TÜİK verilerine göre, Tarım-ÜFE’de, 2022 yılı Nisan ayında bir önceki aya göre yüzde 17,76, bir önceki yılın Aralık ayına göre yüzde 72,29, bir önceki yılın aynı ayına göre yüzde 118,53 ve on iki aylık ortalamalara göre yüzde 45,26 artış gerçekleşti.

Tarımsal girdi fiyatlarının kontrol edilemez bir noktaya geldiğini ifade eden CHP İzmir Milletvekili Kamil Okyay Sındır, “ 2002 yılında tarım sektöründe çalışan sayısı 7 milyon 458 bin iken bu rakam 2020 yılında 4 milyon 716 bin kişiye geriledi. Son bir yılda gübre fiyatlarının 3 katın üzerinde artış göstermesi, mazot fiyatlarının neredeyse 3 katına yaklaşması, elektrik fiyatının 2,5 kat artması girdi fiyat artışlarının Cumhuriyet tarihi rekoru oldu. Böyle bir dönemde üreticilerimizin toprağıyla bağının kopmasından başka bir şey bekleyemezsiniz. Tarım Kanununun çıktığı 2006 yılından itibaren üreticilerimize, çiftçilerimize ödenmesi gereken destek miktarı tam 467 milyar liraya ulaştı. Fakat iktidar bunun sadece 194 milyar lirasını ödedi. Anadolu çiftçisinin devletten tam 273 milyar lira alacağı var. Devletten yasal olarak hak ettiği desteği alamayan ve ürettiğinden para kazanamayan çiftçi, sürekli borçlanarak ayakta kalmaya çalışıyor. Türk çiftçisi eriyor” dedi.

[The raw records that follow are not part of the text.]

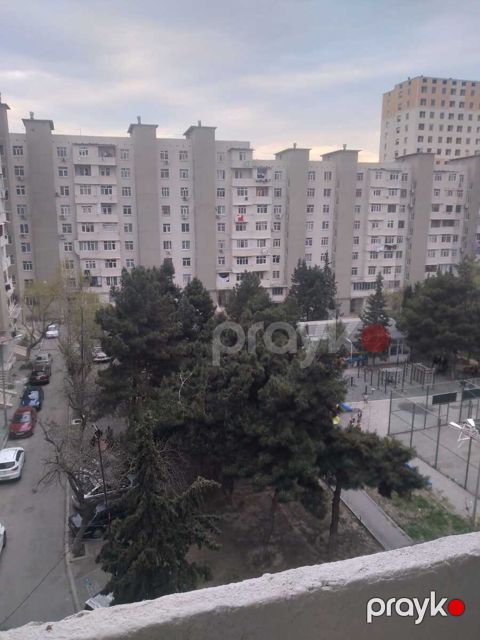 Satılır 3 otaqlı köhnə tikili 65 m² — Bakı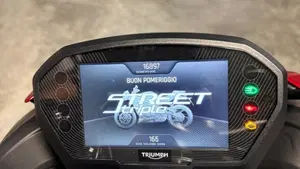 Triumph Street Triple 765 RS (2023 - 26)  (4)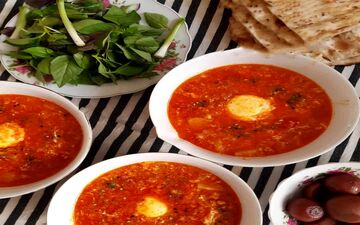 عجله داری، وقت نداری؟ اشکنه تخم مرغ با سیب زمینی درست کن/ ساده و خیلی خوشمزه
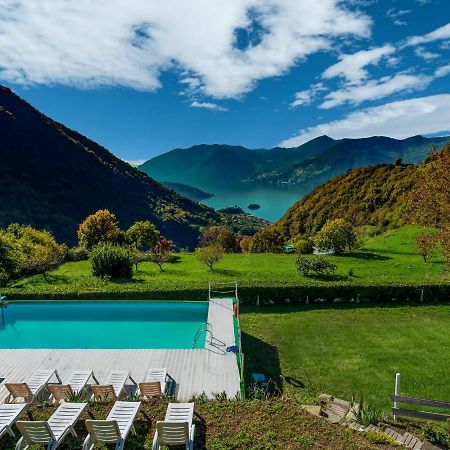 Villa Beautiful Chalet With Swimming Pool In Lombardy Marone Exterior foto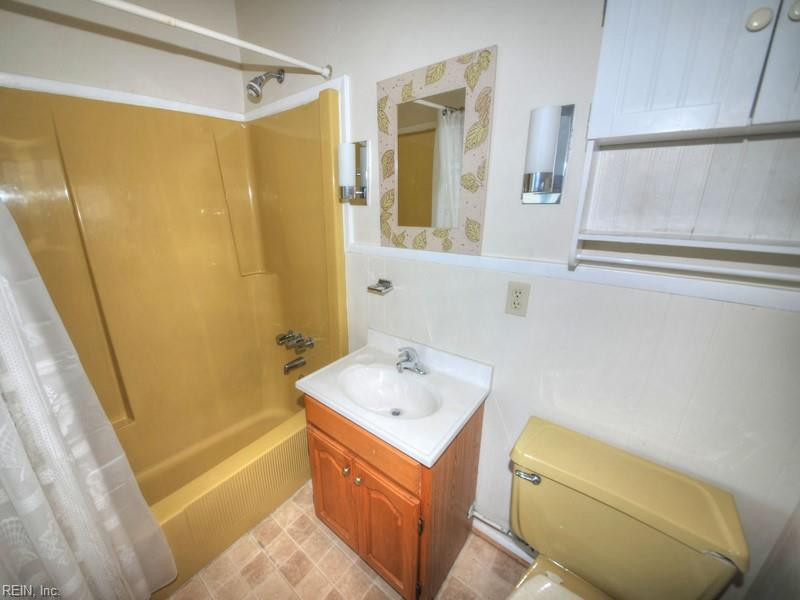 Photo 10 of 27 residential for sale in Virginia Beach virginia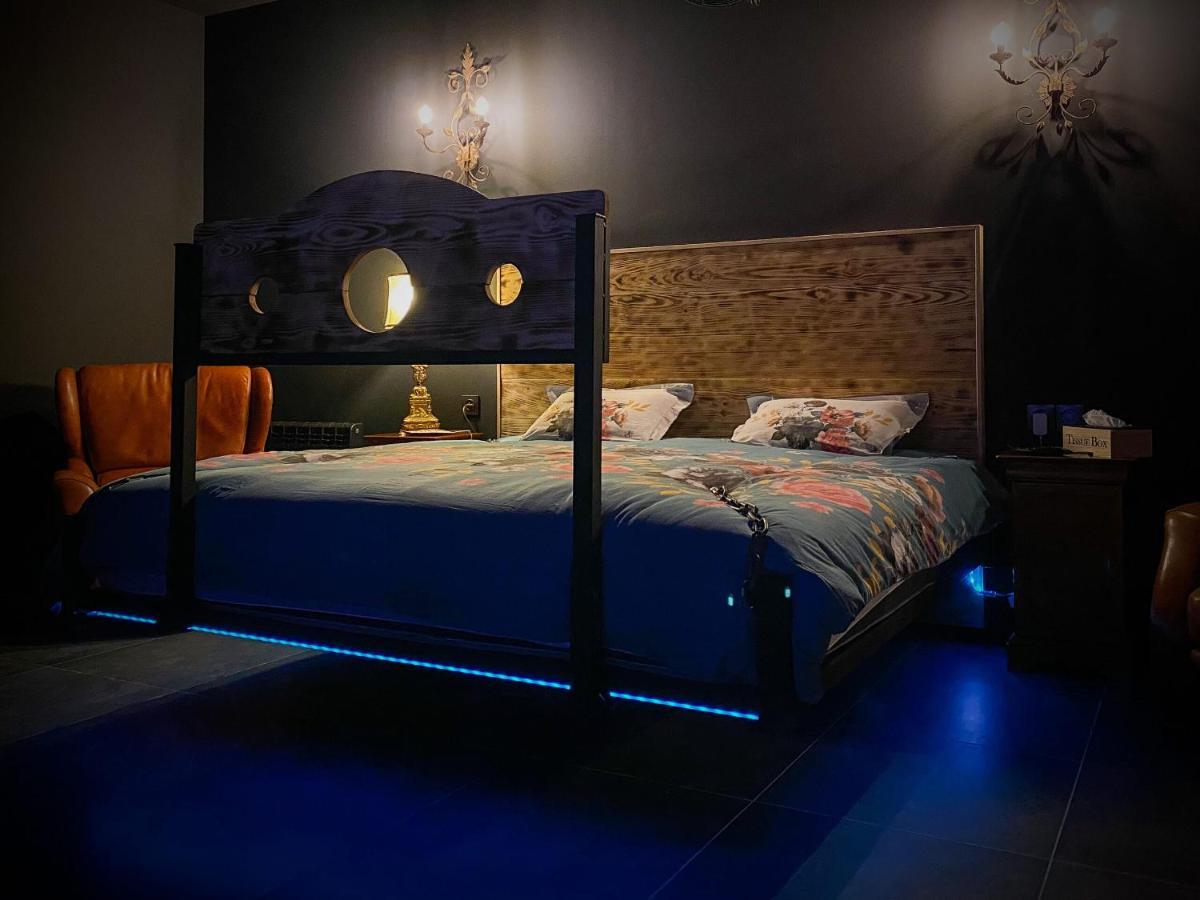 Loveroom Avec Jacuzzi 01 Chazey-sur-Ain Exterior foto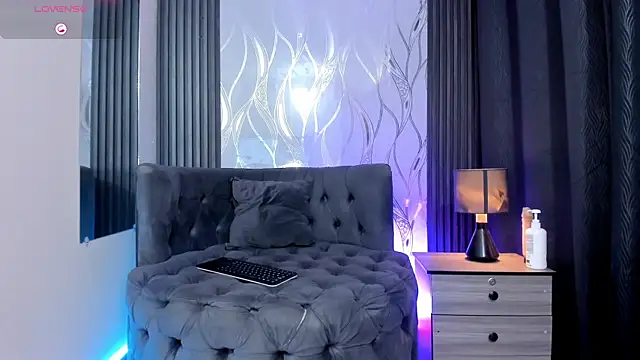 oliver mr  online show from January 7, 2026, 1:24 pm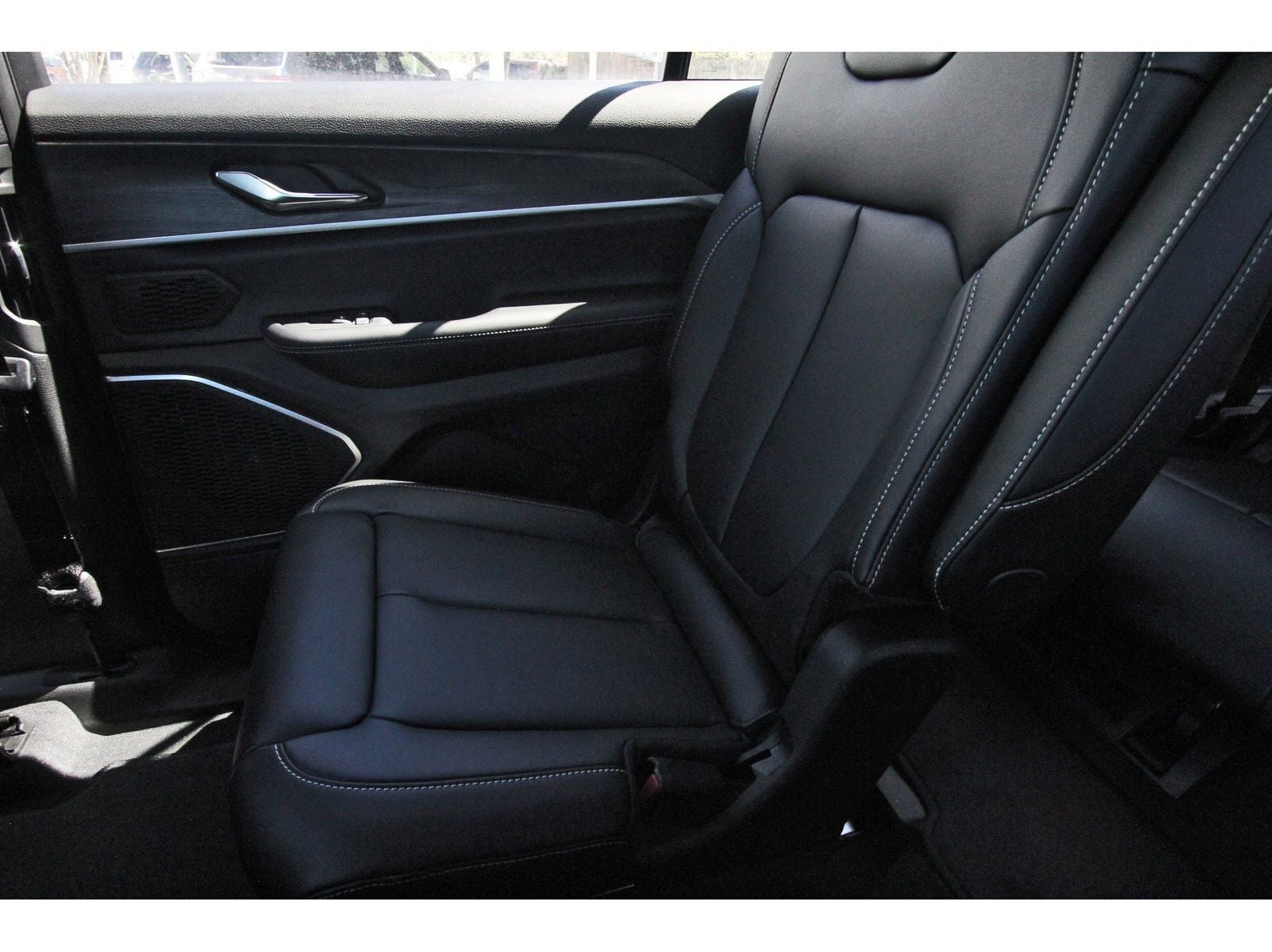 2026 Jeep Grand Cherokee L Limited 4x4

Artan girdi maliyetleri nedeniyle ülkemizde tarım neredeyse yapılamaz hale geldi. Mazot fiyatları 1 yılda yüzde 238 oranında arttı.Tarım alanları ve çiftçi sayısı hızla azalmış durumda. Ülkemizin gıda üretiminin temel taşları olan çiftçilerimiz her türlü zorluğa rağmen üretimlerini sürdürmeye çalışıyor. Bu yüzden tarımın temeli olan çiftçilerimizin her türlü sorunları çözüme kavuşturulmalı ve talepleri yerine getirilerek kendilerine hak ettikleri değer verilmelidir.

Yazımı bir çiftçi vecizesi. İle sonlandırmak istiyorum

“Ektiği biçtiği para etmez. Mazotu, gübresi, tohumu, ilacı, emeği karşılık bulmaz. Kredisi varsa kışın borçlanır, yazın borcunu zor kapatır. El elde baş başta seneye daha iyi olur ümidiyle yaşar gider. Buna yaşamak denirse.”